[TO DO] From the line that contains "Шаг 4: Добавить разрыхлитель" down to the last line of the data below, transcribe every line exactly.

Records from a collection
# # # # # # #
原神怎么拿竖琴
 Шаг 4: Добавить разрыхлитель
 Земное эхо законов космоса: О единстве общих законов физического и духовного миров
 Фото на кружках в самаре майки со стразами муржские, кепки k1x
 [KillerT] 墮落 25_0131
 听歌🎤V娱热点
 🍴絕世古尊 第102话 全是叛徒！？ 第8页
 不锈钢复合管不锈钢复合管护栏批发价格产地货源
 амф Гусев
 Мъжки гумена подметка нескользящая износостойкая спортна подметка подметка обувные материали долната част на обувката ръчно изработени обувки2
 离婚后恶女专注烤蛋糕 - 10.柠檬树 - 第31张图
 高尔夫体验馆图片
# # # # # # #
[REPLY TO THE EXERCISE]
 Шаг 4: Добавить разрыхлитель
 Земное эхо законов космоса: О единстве общих законов физического и духовного миров
 Фото на кружках в самаре майки со стразами муржские, кепки k1x
 [KillerT] 墮落 25_0131
 听歌🎤V娱热点
 🍴絕世古尊 第102话 全是叛徒！？ 第8页
 不锈钢复合管不锈钢复合管护栏批发价格产地货源
 амф Гусев
 Мъжки гумена подметка нескользящая износостойкая спортна подметка подметка обувные материали долната част на обувката ръчно изработени обувки2
 离婚后恶女专注烤蛋糕 - 10.柠檬树 - 第31张图
 高尔夫体验馆图片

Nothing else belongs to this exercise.